_Goal of the exercise_
Write out an exact copy of the line containing "Island studs oorbellen met bloemen" and all lines that follow it in the data below, leaving out pictures.
Supplied information Block Start
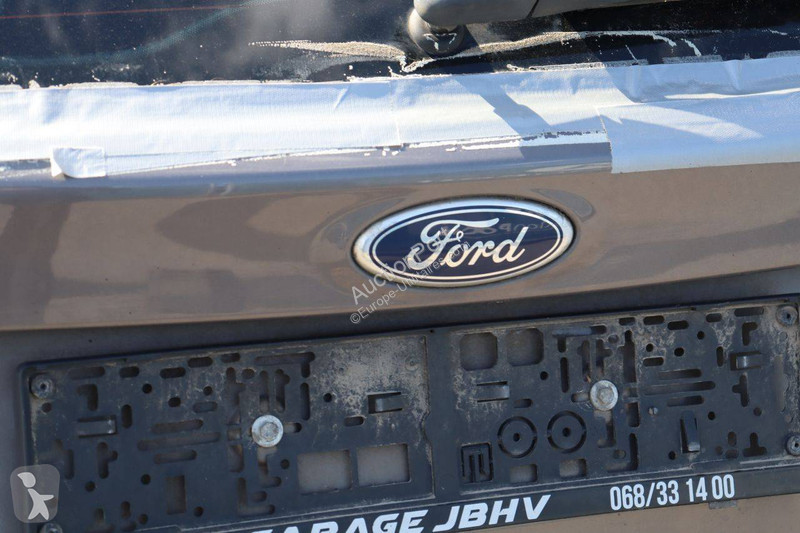 Véhicule utilitaire Ford Grand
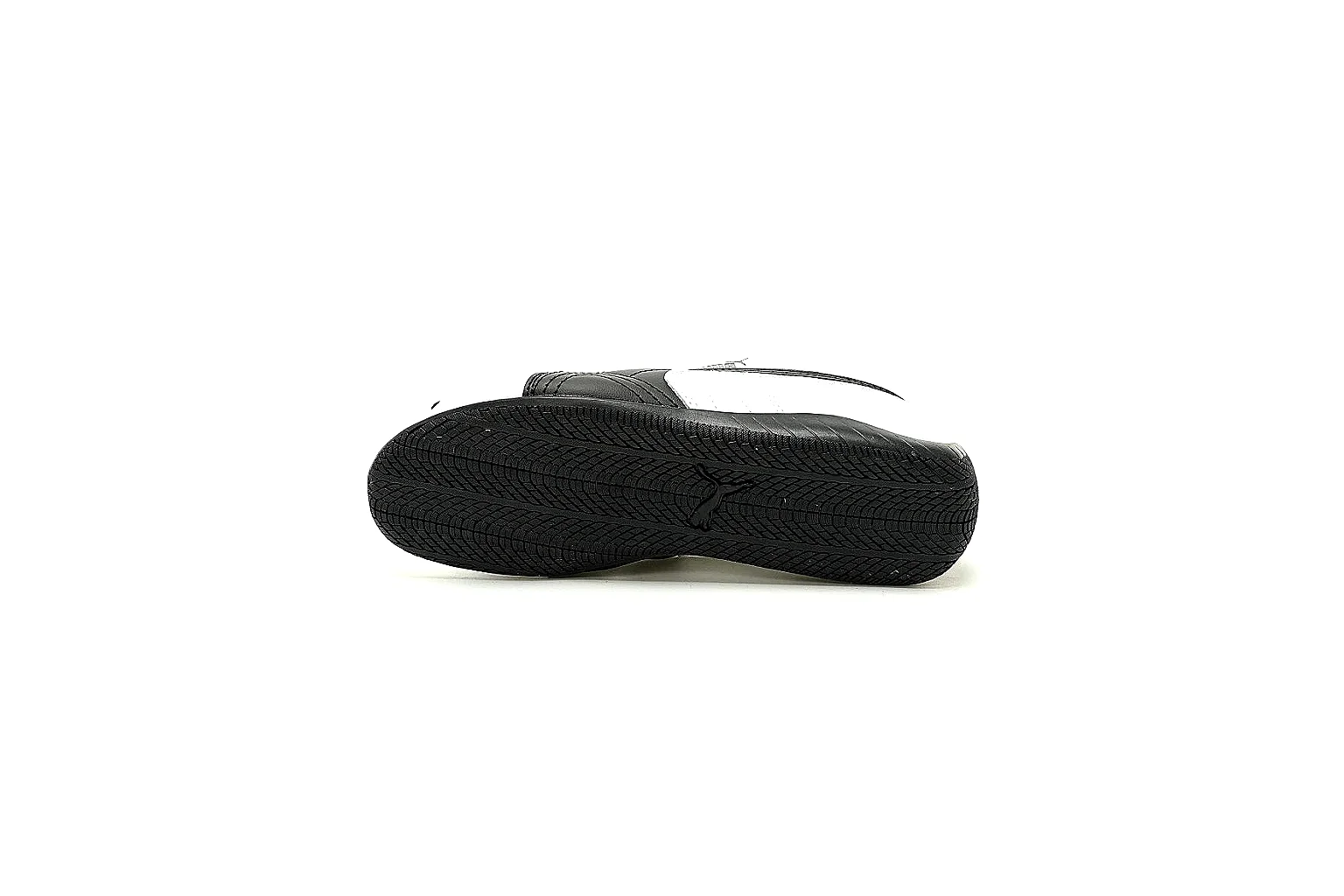 PUMA white black low-profile sneaker pair front view at CNY 340 thumbnail 4
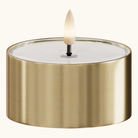 Rundt LED fyrfadslys med hvid flamme i blank guldfarvet metalholder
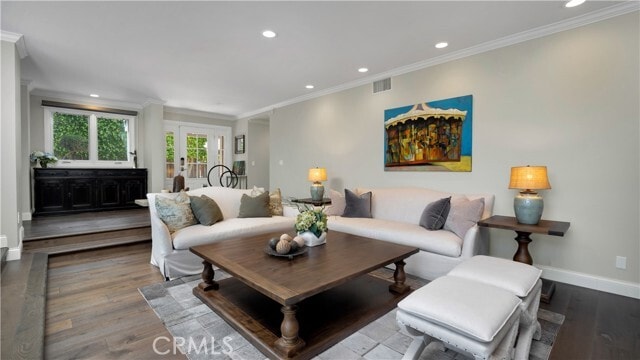 Building Photo - 10 Flintridge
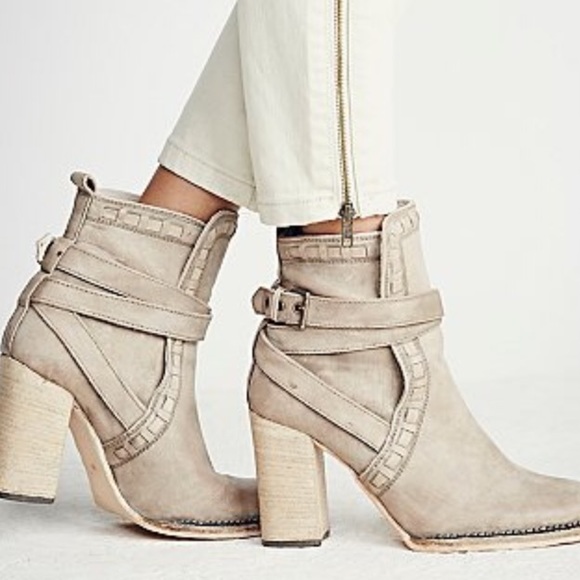 ❌SOLD Free People Heirloom Taupe Bootie boot heel - Picture 2 of 4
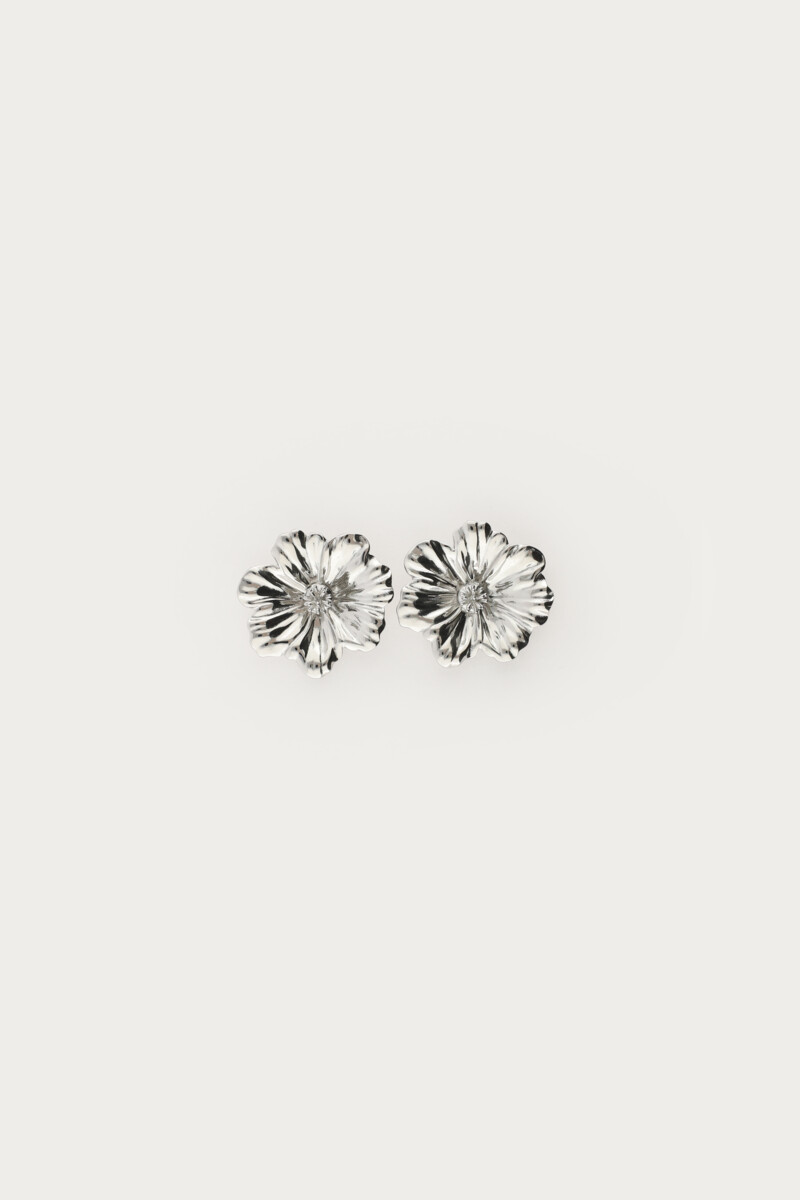 Island studs oorbellen met bloemen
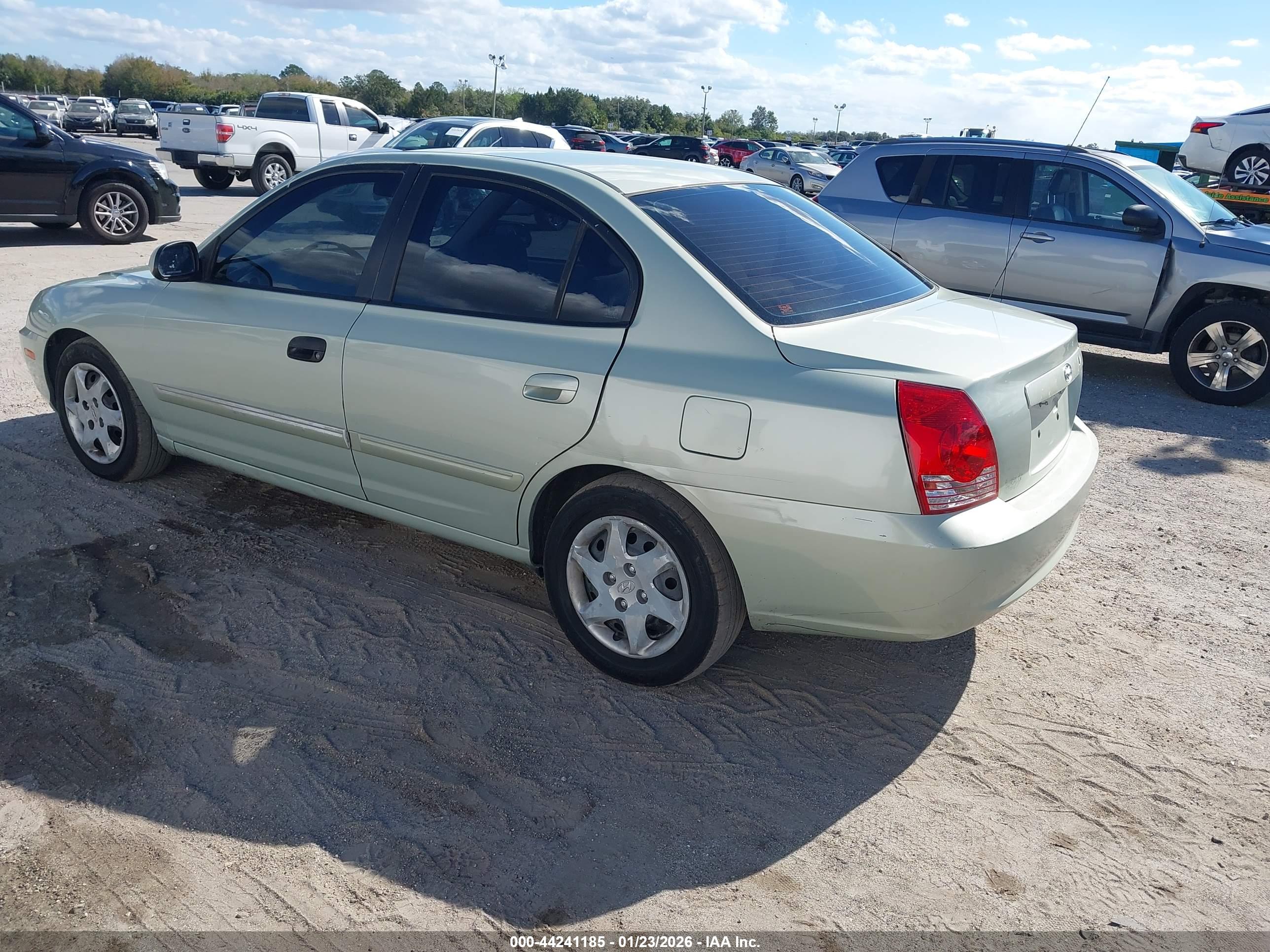 HYUNDAI ELANTRA image 3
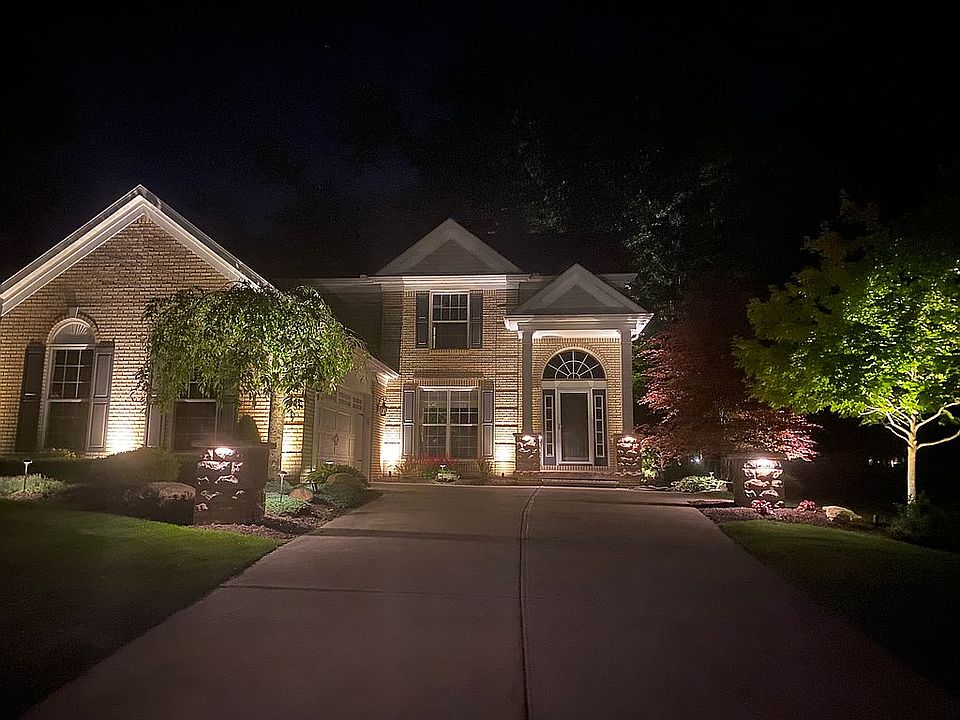 1st image of 19939 Hazen Dr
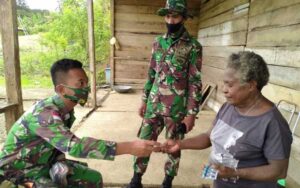 Pererat Tali Silaturahmi, Satgas TNI Anjangsana ke Kampung Ubrub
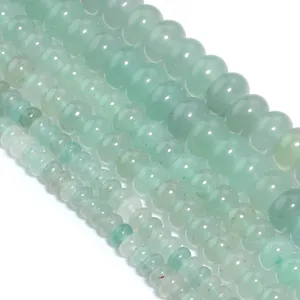 Filo di perline abaco in cristallo di giada verde naturale per gioielli fai da te in dettaglio.
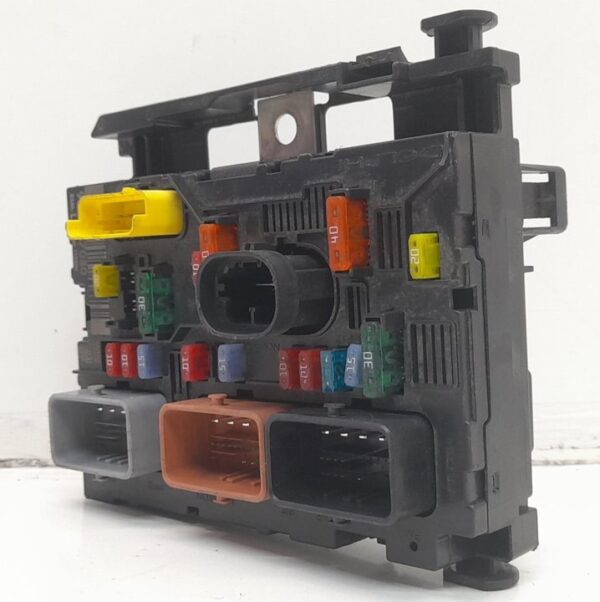 CAJA RELES / FUSIBLES PEUGEOT 307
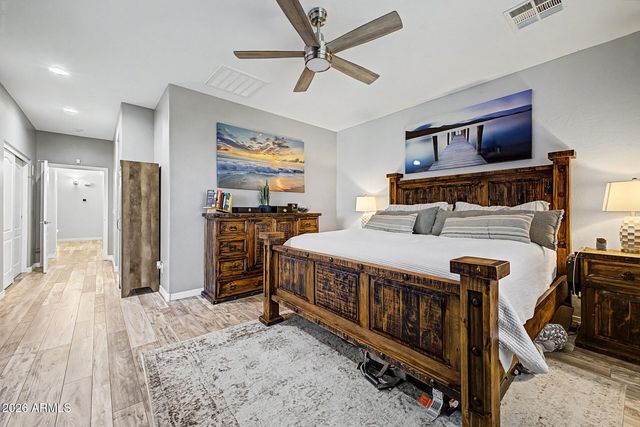 1113 W STEPHANIE Lane, San Tan Valley, AZ 85143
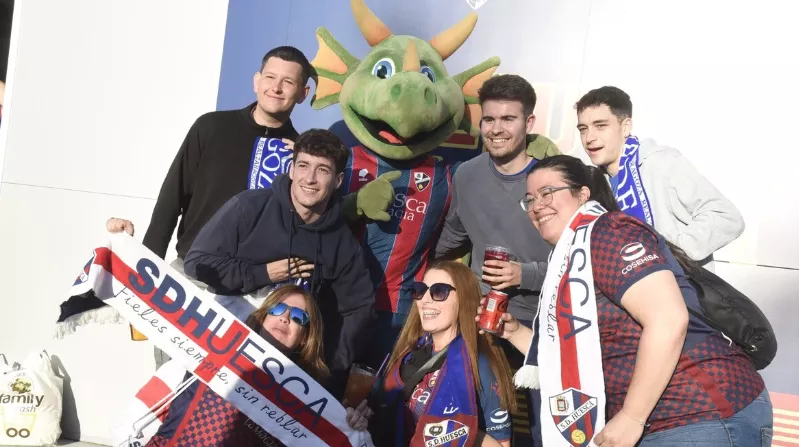 Comida popular en la terraza de El Alcoraz para calentar motores en el derbi
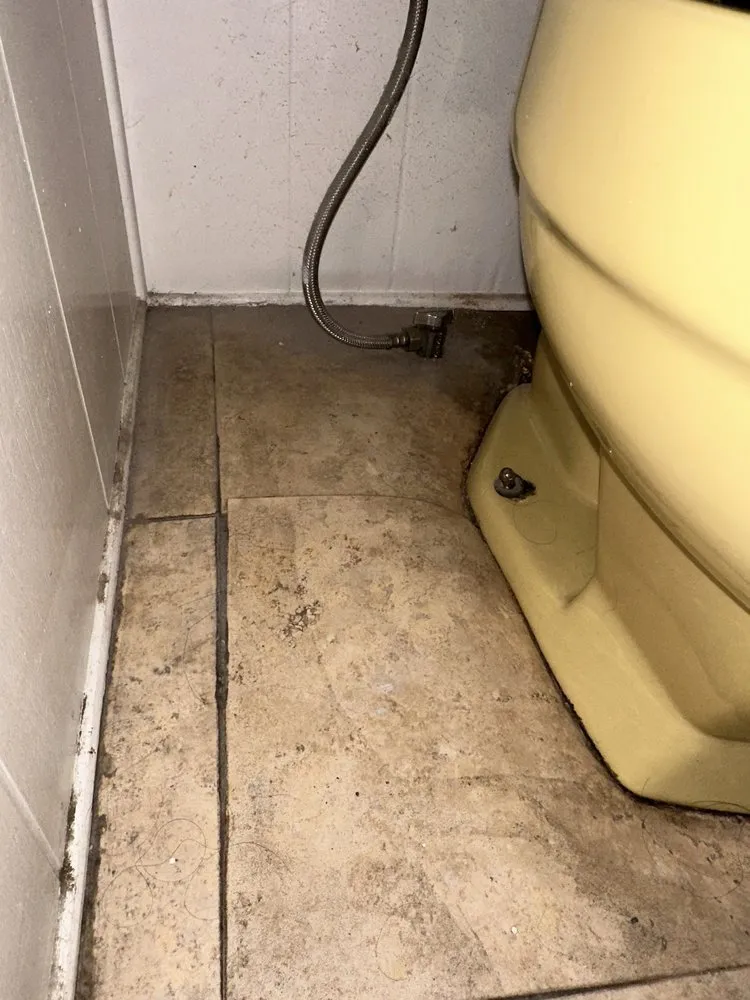 Slide of The Mobile Home Doctors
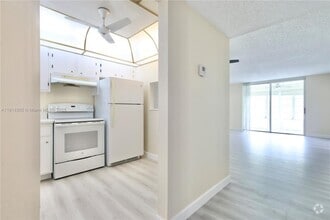Building Photo - 6870 Royal Palm Blvd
Supplied information Block End
_Answer below_
 Island studs oorbellen met bloemen
 HYUNDAI ELANTRA image 3
 1st image of 19939 Hazen Dr
 Pererat Tali Silaturahmi, Satgas TNI Anjangsana ke Kampung Ubrub
 Filo di perline abaco in cristallo di giada verde naturale per gioielli fai da te in dettaglio.
 CAJA RELES / FUSIBLES PEUGEOT 307
 1113 W STEPHANIE Lane, San Tan Valley, AZ 85143
 Comida popular en la terraza de El Alcoraz para calentar motores en el derbi
 Slide of The Mobile Home Doctors
Building Photo - 6870 Royal Palm Blvd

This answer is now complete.